Last of the Contemporary: a cycle of water glasses. Iron hoop, three spots for water glasses. It reminded me of a piece I saw at the New Museum the week before, a water glass with a sign that says, “At night this water turns black.” Ha. See how you are water, and how delicate it is that glasses of water keep us going? (By Athanasios Argianas.)
Next to yellow, I love little drawings that are very neat and come in a series, little shape studies, and this was my favorite from the show, by Hordur Agustsson.
Color work again, where did it come from, where did it go? (David Renngli.)
David Maisel’s photo of a horse x-ray (I assume that’s what it was) stopped a lot of people in the walkway between booths.
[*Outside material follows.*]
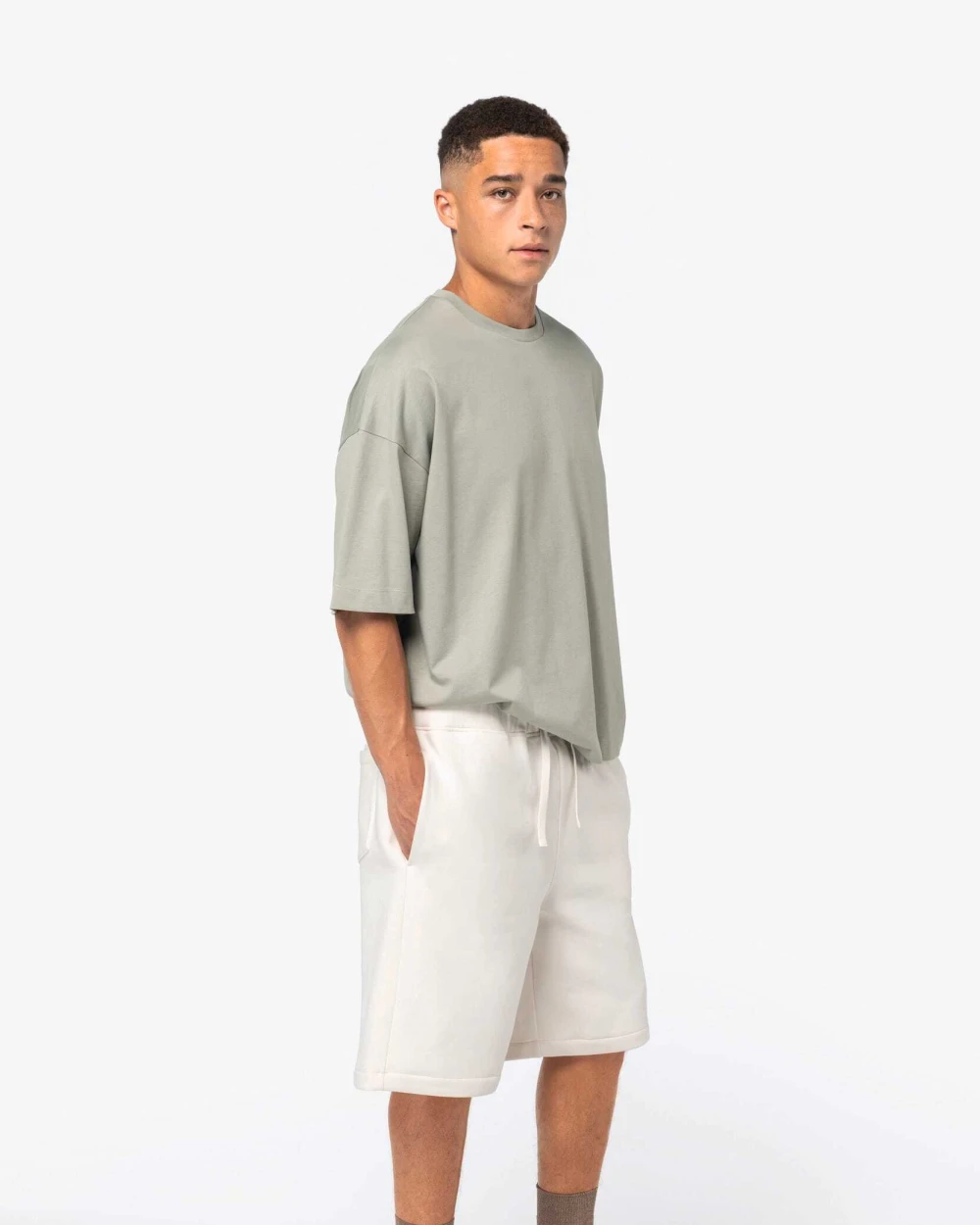Pantalons personnalisable NATIVE SPIRIT Bermuda écoresponsable ample homme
Everyone loved it. Ghost horse, perfect space around it, the thickness and toughness of horse plus the delicacy of knowing everything has bones.
The blue one is great composition, and I don’t understand why that top corner is kind of unfinished, but that’s why I’m not a painter, right? Not a hard-practicing painter, anyway, like David Scheibitz.
The last two are the fun, which was hidden back on the left side of Contemporary. A group of Chinese artists made this punch-wall that people had apparently punched to get prizes. I was there toward the end. The other part of their exhibit, which I inexplicably forgot to photograph, was a lot of plastic-bagged objects laid out on the floor. You could pay $20 and get three rings to play ring toss. Ring a toy, get a toy. I watched a white guy ring two toys, and choose what appeared to be a red rose made of fabric.
I’m feeling like a real chump for not playing. I really am.
Finally: someone built some obnoxious blue sort of playground equipment, and we could climb on it and use it. The piece I photographed was the fun one, the stand and spin. I stood with two others and we all squealed as the spinner was much faster, oilier, than expected. Whee!